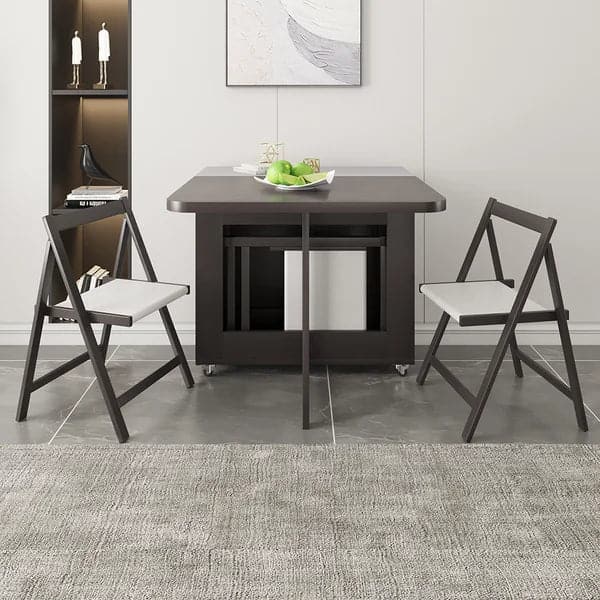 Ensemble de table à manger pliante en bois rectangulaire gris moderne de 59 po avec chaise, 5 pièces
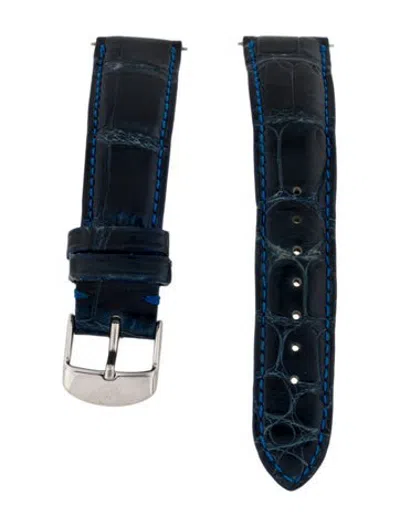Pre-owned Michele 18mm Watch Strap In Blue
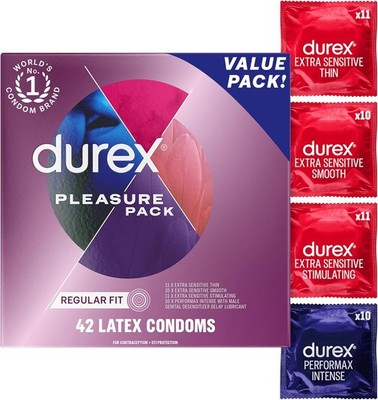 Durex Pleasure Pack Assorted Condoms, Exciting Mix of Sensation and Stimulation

_ _ _ _ _

### ABOUT THIS EXERCISE
Pictures stay out of this copy. Retype exactly the lines from the one with "Pre-owned Michele 18mm Watch Strap In Blue" through the last line of the data, both ends included, and nothing more.

### TASK OUTPUT
Pre-owned Michele 18mm Watch Strap In Blue
 Durex Pleasure Pack Assorted Condoms, Exciting Mix of Sensation and Stimulation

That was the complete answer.